Increasing occupancy may well reduce VKT – I say “may” because any increase in effective capacity, on any congested mode, can induce more trips – but I don’t quite see how the advent of autonomous vehicles would encourage this. Ride-sharing is perfectly possible in current circumstances, and we already have taxis. Presumably the same limitations on use of autonomous vehicles would apply as apply now; that is, people may still like to own their vehicles and maximise their opportunities to travel whenever they want to, and autonomous taxis will still need to operate within a business model. Or will the absence of a driver (generally 50% of the fare here in Australia, excluding Uber) will make autonomous taxis cheaper to hire than current taxis? Furthermore, significant VKT are consumed by taxis dead-running, even if they don’t need to roam around looking for fares any more.
I look forward to jaywalking everywhere in the bold future where all cars will stop for me.
There are two big benefits of autonomous vehicles which are glossed over in this piece:
(1) Because parking lots are unnecessary, we are likely to see much denser development, which in term will actually be better suited to walking and transit.
(2) Because the expectation is that people will give up their cars, the marginal cost of driving should go up, disincentivizing unnecessary driving.
Both should have a beneficial effect on VMT per capita.
I didn’t really agree with this post. Lots of fear and uncertainty – the reality is that we cannot predict the future. If we look in the past, big changes don’t always have to be big disasters, and mostly aren’t.
Road capacity will increase with the same amount of vehicles if the autonomous vehicles are shared. This would start to blur a line between the private car and the public bus. For example, a car lane with a car every 3 seconds gives a capacity of 1200 persons/hour (assuming 1 pax per car). Now if we can get 5 people in the car, that line capacity increases to 6000 persons/hour, an increase of 5x. That’s a HUGE gain in efficiency.
In addition to this, the article confuses propulsion with mode. It’s a variant of the ‘electric trains are green because they run on electricity, buses are dirty because they burn fuel’ but applied to autonomous cars. It is possible to get diesel trains/trams and electric buses.
There is no reason why cars cannot be clean, either through movement to electricity (and the electric source moving to greener methods) or by paying carbon offsets which remove the same amount of carbon that is output from the vehicle.
Clean, autonomous vehicles will come, just like the horse and cart were replaced and a huge transition in the 1920s. Yes, the future has problems, but we have ALWAYS found a solution to them.
Oh, and a word about ‘sprawl’.
What is ‘sprawl’ anyway? Is it really that bad? I tend to think of sprawl as the expansion of the city boundaries from the CBD. (Note: this doesn’t work for all cities, as not all are monocentric).

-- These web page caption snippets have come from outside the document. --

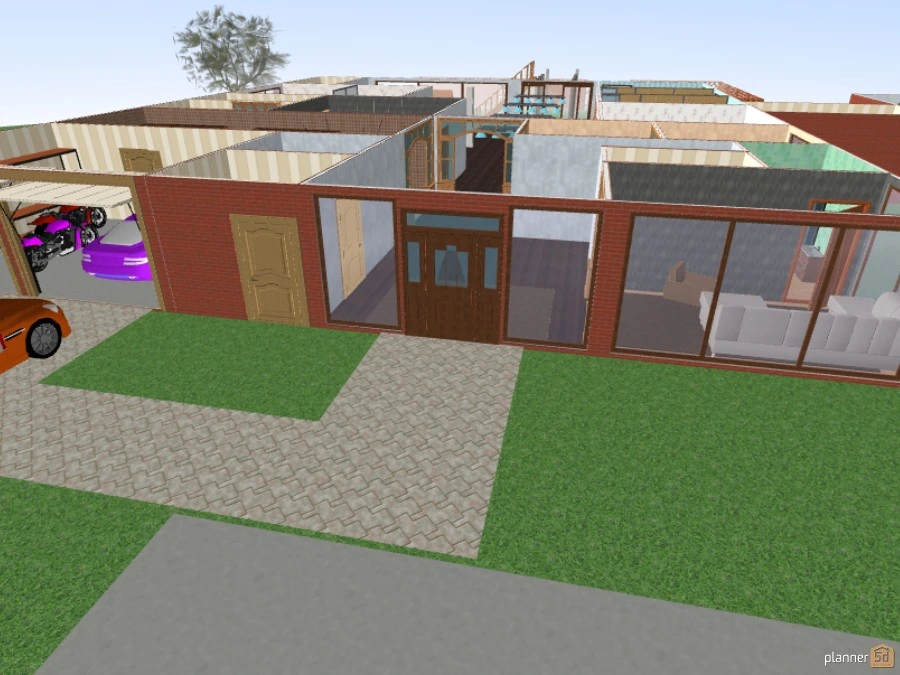 the most finished house #53853 by Josie meyer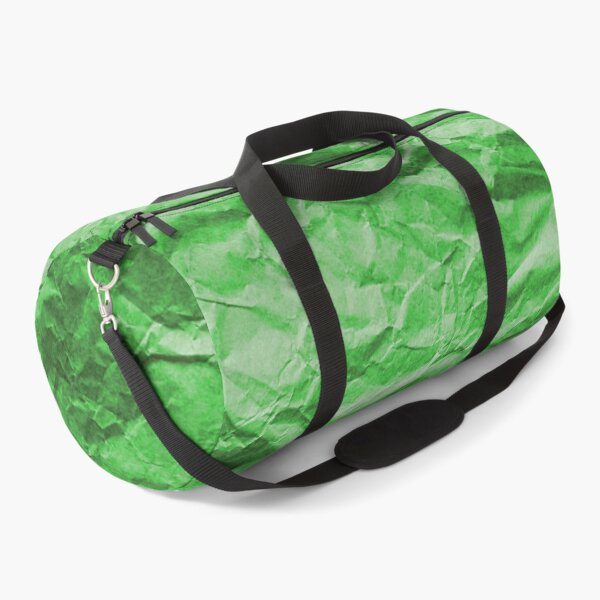 Item preview, Green Designed Crumpled Paper designed and sold by Asaha17.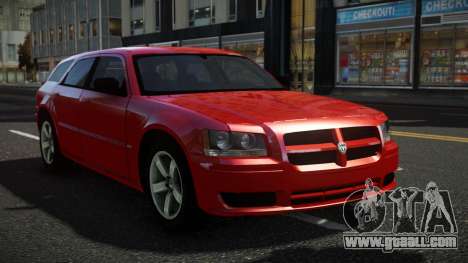 Dodge Magnum Buttel for GTA 4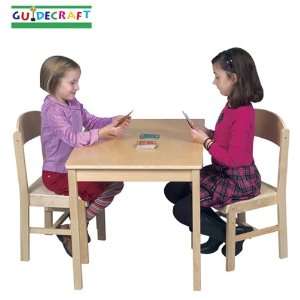  Guidecraft Woodscape Collection Table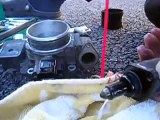 Idle Air Control Motor Cleaning For Wrangler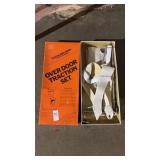 Over Door Traction Set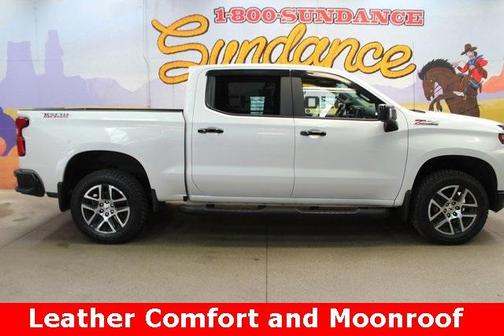 2019 Chevrolet Silverado 1500 LT Trail Boss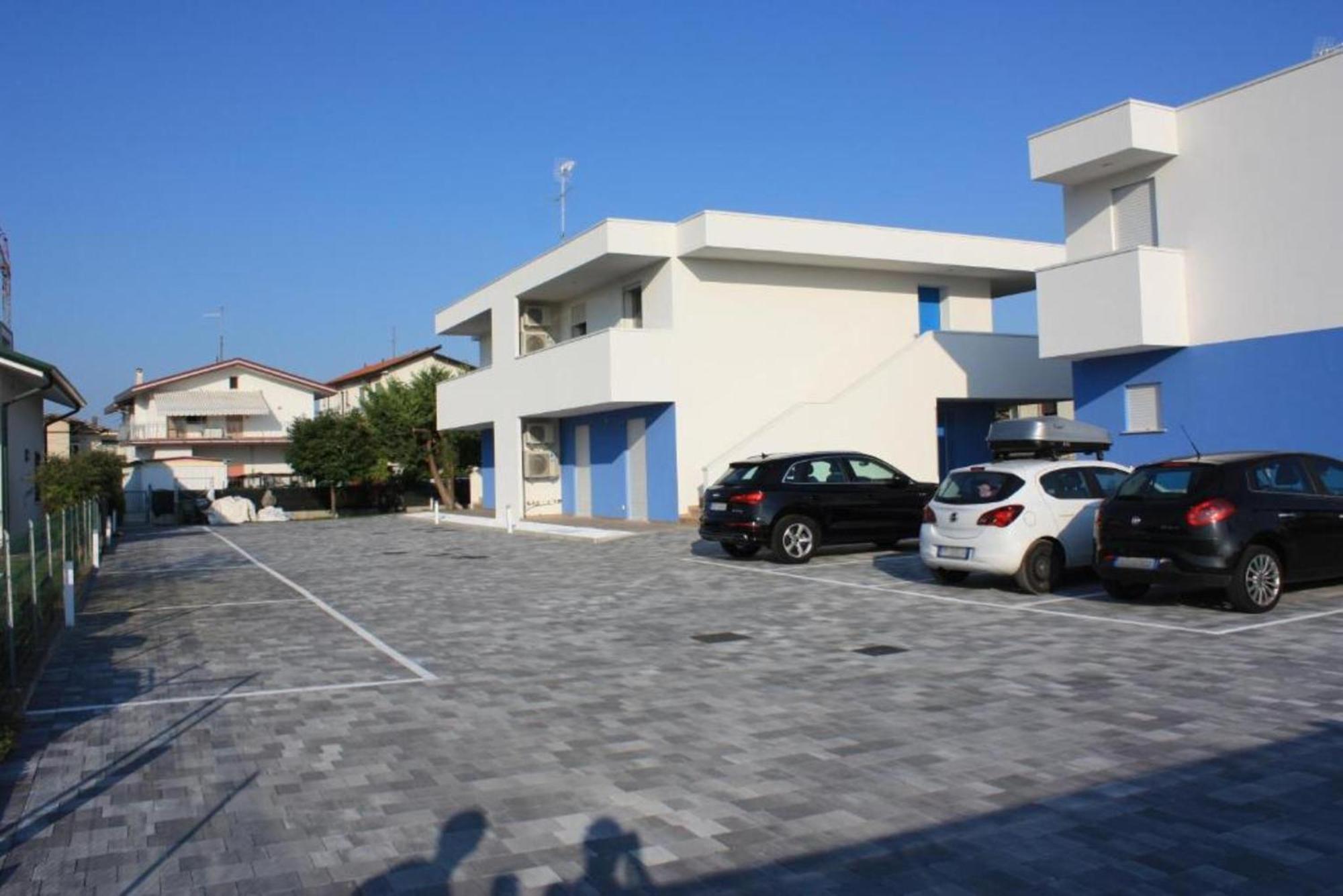 Residence Blumar Jesolo Golf Club Exterior foto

There is a long list of evils attributed to sprawl, but I wonder if it is really about how far the city urban boundary moves from the CBD or the density of the development. Is it the actual distance that is bad, or is it the low density that is bad?
Have these two separate attributes been separated, or are they just lumped in a big box togther that is then put on sinners’ parade.
I think if the city boundary moves, but is sufficiently dense, that might not be a problem. You could also have more than one CBD (Sydney, for example, is polycentric with a recognised second CBD at Paramatta).
I find this argument a bit confusing, but it goes in tandem with a stream of thought in the planning community that view autonomous cars (regardless of propulsion) as some Trojan Horse that could detract from larger goals (such as investment in transit and whatnot).
Some 5 years ago, the suspicion revolved around the technical and financial viability of self-driven cars. Now that these seem to be a matter of ‘when’ instead of ‘if’, the arguments have coalesced around the evil autonomous vehicles can be as they would facilitate behaviors and choices dismissed as negative.
One of the most naive assumptions, I think, is that people would just buy autonomous vehicles by the millions without a substantial shift towards non-ownership access. If you can have a combination of Uber-like (on-call, reliable and mostly prompt availability at the address you need) service that can be operated without drivers, costs would go down and the incentive for people to buy their own cars and let them idling 95% of the time would be lessened.
I agree that autonomous vehicles are unlikely to be good substitutes for mass transit on major corridors, but they can be vital to provide mobility where, in current models, transit suffers, such as erratic errands outside central areas, late-night travel, last-mile connectivity much faster than walking/cycling without the need for massive parking garages at stations, taking children (that parents deem to young to ride transit) to choice schools outside the neighborhood and back etc.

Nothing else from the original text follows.